In Teheran, Stalin and Churchill took up residence in the adjacent Russian and “ British embassies, which were protected by a single perimeter under British and Russian guard. But Roosevelt, in the American embassy, lay a mile or so distant, entailing the inconvenience, if not the danger, of mutual journeyings to meet in session. Molotov, the Russian foreign minister, suggested that Roosevelt come to live in an annexe to the Russian embassy; Churchill backed the idea; and the President and his staff duly moved in. With hindsight and knowledge of Russian skills in "bugging”, it may be surmised that Molotov was not only prompted by emotions of hospitality and concern for the President’s safety; certainly the Russian delegation was to show itself acutely aware of the differences over strategy and policy between the British and Americans. Harry Hopkins wrote: "The servants who made their beds and cleaned their rooms were all members of the highly efficient NKVD, the secret police, and expressive bulges were plainly discernible in the hip pockets under their white coats. It was a nervous time for Michael F. Reilly and his own White House secret service men, who were trained to suspect everybody and who did not like to admit into the President’s presence anyone who was armed with as much as a gold toothpick.”

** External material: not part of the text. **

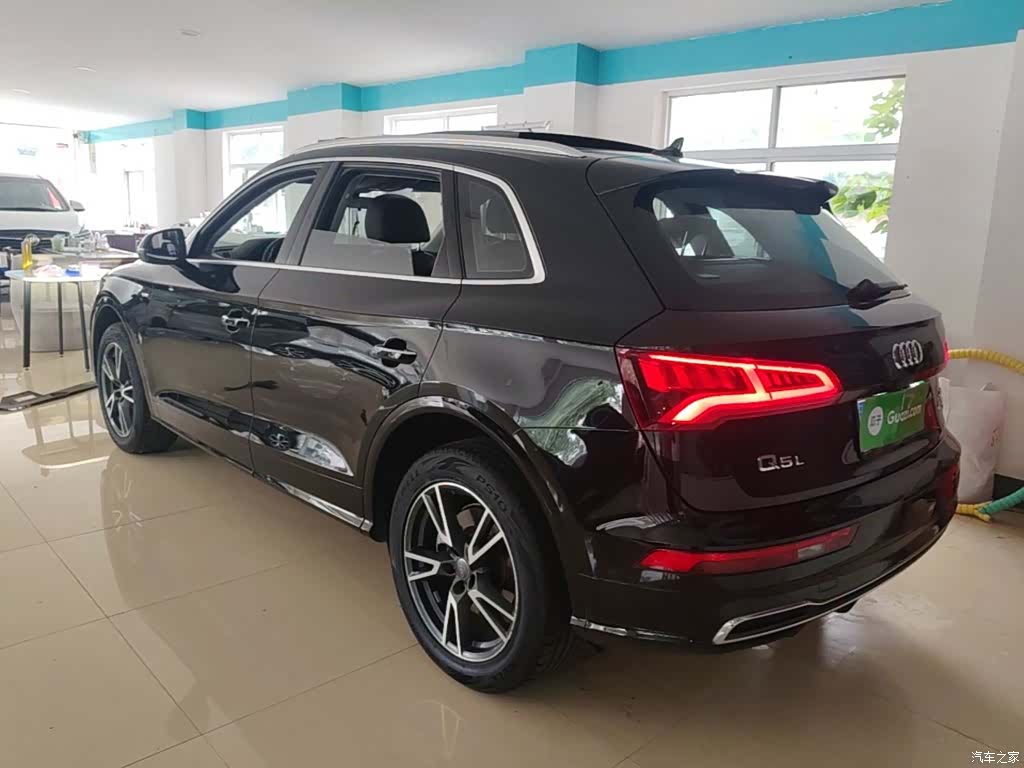 Audi Q5L, 2019 все фото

On the afternoon of November 28 the first plenary session of the Teheran Conference ("Eureka”) opened in the Russian embassy under, as with all the sessions, President Roosevelt’s chairmanship. Flanked by Molotov and Marshal Voroshilov, Stalin was resplendent in a uniform, according to Lord Moran, "that looks as if it has not been worn before, and gives the impression that it has been specially designed for the occasion. It looks, too, as if the tailor has put on it a shelf on each shoulder, and on it dumped a lot of gold lace with white stars. And there is a broad red stripe down the trousers, which are immaculately creased. All this is crowned with a dreadful hat, smothered with gold braid.” Gaudily uniformed or not, Stalin dominated the conference from the start. In his very opening statement he announced that after Germany’s defeat
Russia would join in the war against Japan, a development that at once threw Anglo-American grand strategy in the Pacific and Far East into the melting-pot.